Traders should look to buy the JPY for its safe-haven qualities and specifically look to sell USD/JPY for a move into and potentially below ¥100. The S&P 500 (or US 500 on Puredeal) should head into 2050 on growing concerns of a future US recession, which investment banks such as Deutsche see as a 60% probability at present. Gold would likely head towards $1400, with silverfaring even better, and given the uptrend in both commodities, this would be the preferred trade.
The AUD/USD would likely rally back above $0.7500, with US interest rate markets likely to price in the chance of easing from the Fed.
160,000 to 180,000 jobs – On this outcome, the market will look for further clues on the economy, so will likely focus more intently on the unemployment rate and hourly earnings data. This print doesn’t really change the economic backdrop, but it does suggest last month’s terrible jobs release was a one-off, so there may be some relief expressed in markets. This could be a modest positive for the S&P 500, while could see AUD/USD trade modestly lower.

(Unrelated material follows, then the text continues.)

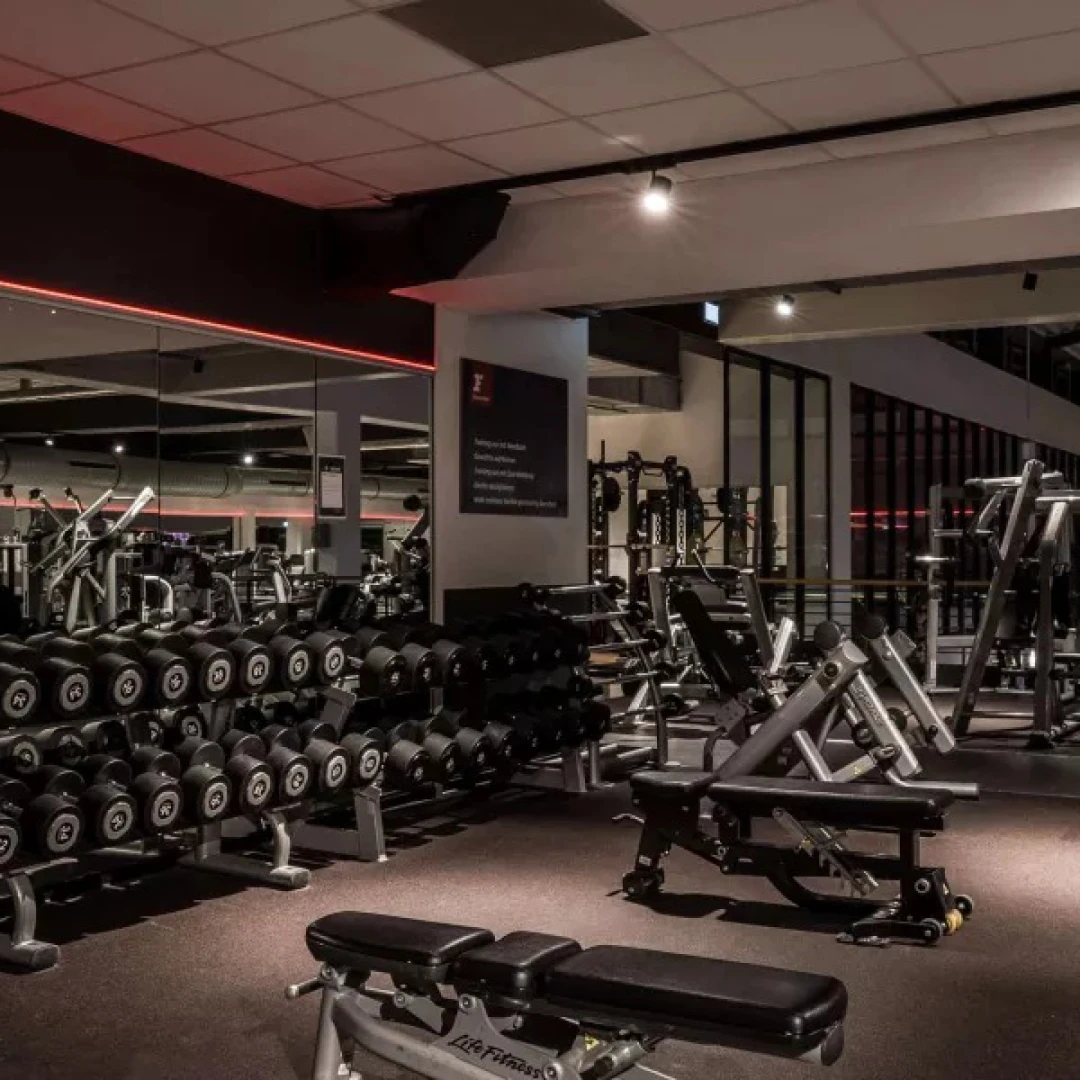 DE_Gyms_FitnessFirstKölnSchildergasse_1
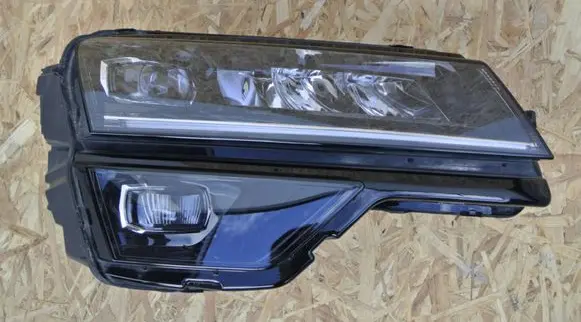 Skoda Karoq Headlight/headlamp 57B941016F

190,000 jobs and above – This scenario should provide some assurance to traders that the economy in the US is not as bad as perhaps feared and the probability of a rate hike this year would increase. Central banks around the world would naturally welcome this outcome. With this in mind, I would expect the USD basket to rally strongly and feed into the technical set-up portrayed above. Expect gold to come under strong selling pressure given hedge funds and other speculative participants have never held a larger net long position. GBP/USD would also be an interesting trade, as a strong jobs print would likely see the pair continue on its strong descent into $1.2500, despite being hugely oversold on a technical basis.